Finance Minister Ishaq Dar has said that the government will present a bill regarding the extension of military courts in Parliament on Friday.
Talking to newsmen after the meeting of parliamentary leaders in Islamabad, he said that the opposition Pakistan People's Party has already agreed on revival of military courts for two years.
He said any amendment regarding the bill could be made in parliament and all members of the house have the right to bring amendments in the bill.
A meeting of parliamentary leaders was held in Islamabad today under the chairmanship of National Assembly Speaker Sardar Ayaz Sadiq, reports Radio Pakistan.
Since February 2015, a total of 274 individuals have been convicted in military courts.
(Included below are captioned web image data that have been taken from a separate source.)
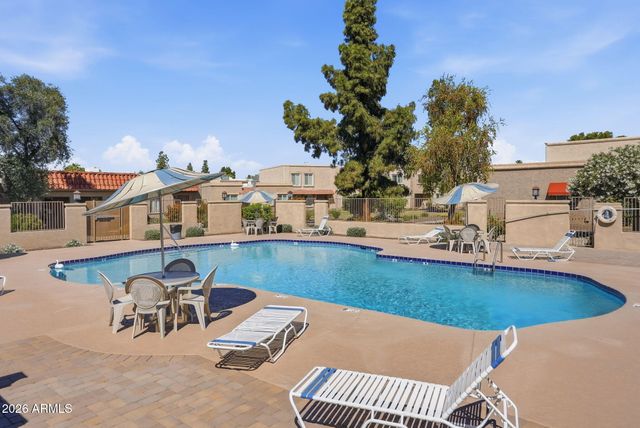 5902 N GRANITE REEF Road, Scottsdale, AZ 85250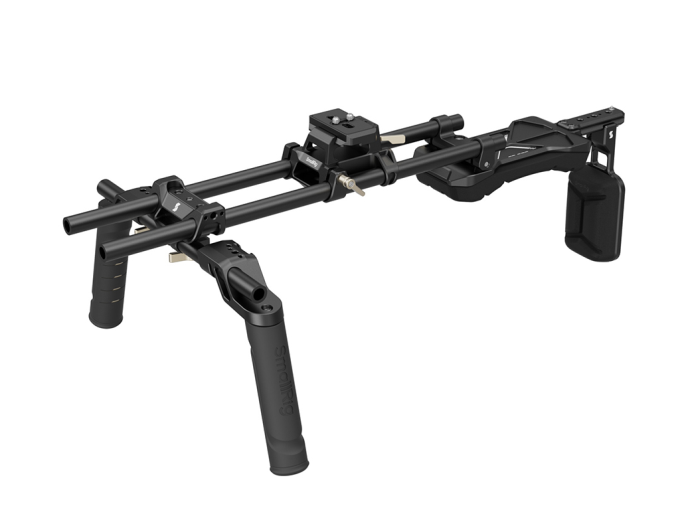 SmallRig 4480 Shoulder Rig (Classic Versiyon) 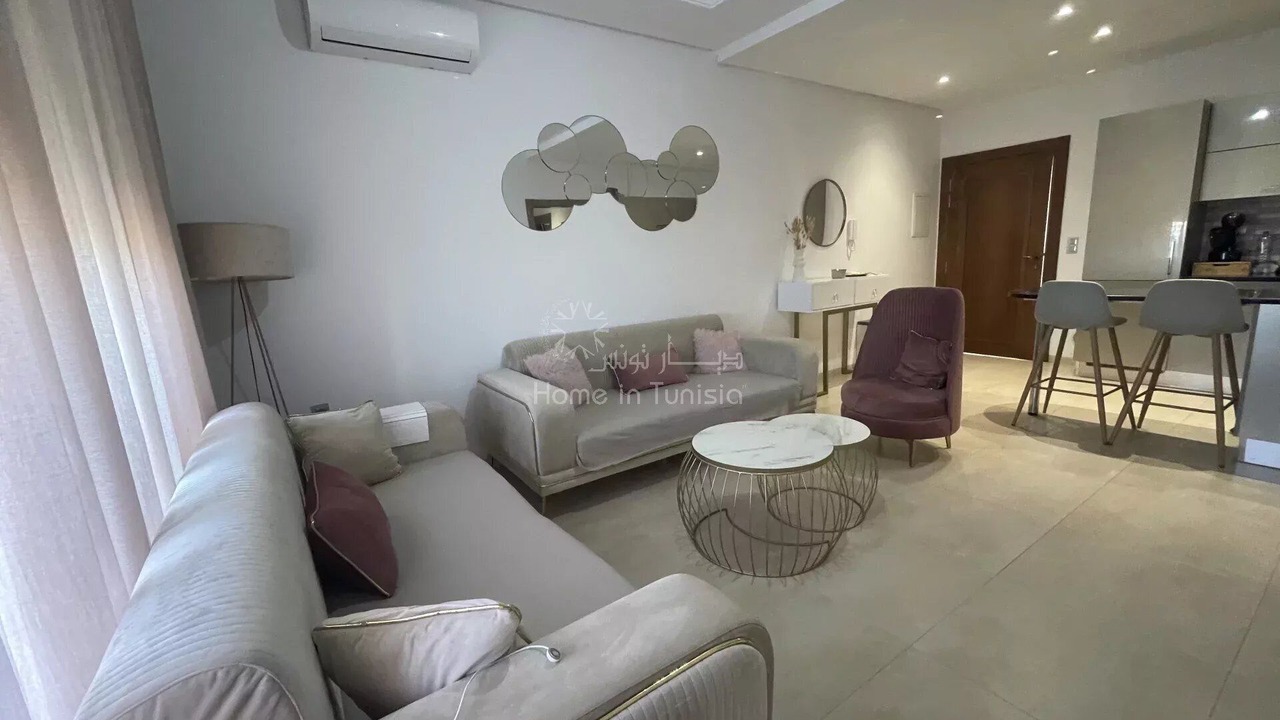 Photo of Livingroom in Monastir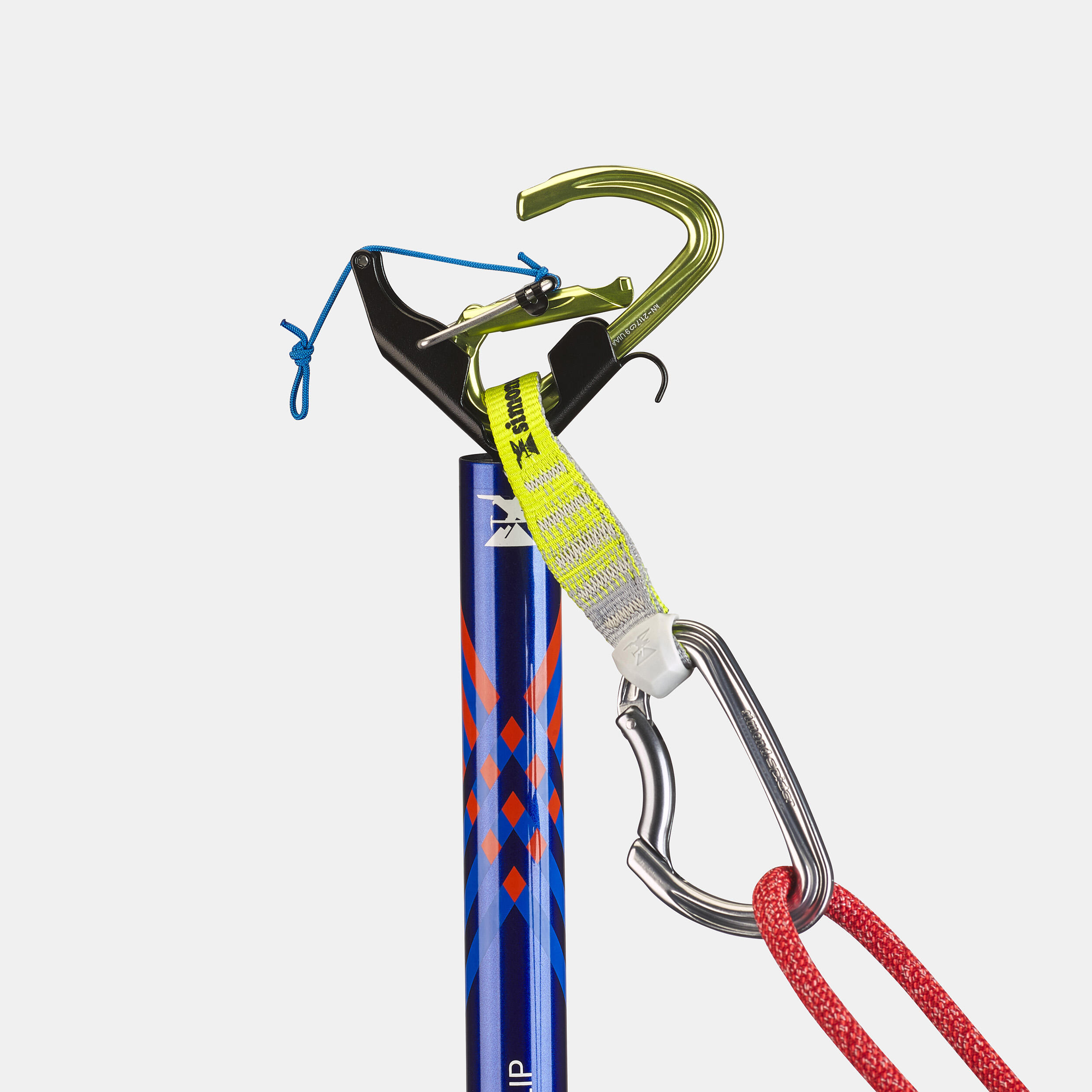 Easy Clip Pole - SIMOND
So far, the army has sentenced 161 individuals to death, 12 of whom have been executed and 113 have been given jail terms (mostly life sentences).
There are roughly 11 military courts that have been set up across Pakistan; three in Khyber Pakhtunkhwa, three in Punjab, two in Sindh and one in Balochistan.
They came into force after the deadly Taliban attack on a Peshawar school in December 2014 that killed more than 150 people, mostly children.
The country's powerful military intensified its crackdown on extremists following the Peshawar massacre, as the civilian government introduced a National Action Plan (NAP) that included the creation of the military courts, which were allowed to try civilians on terror charges.
Pakistan's parliament and Supreme Court approved the law as an "exceptional" short-term measure, but it was heavily criticized by civil society as "extra-constitutional.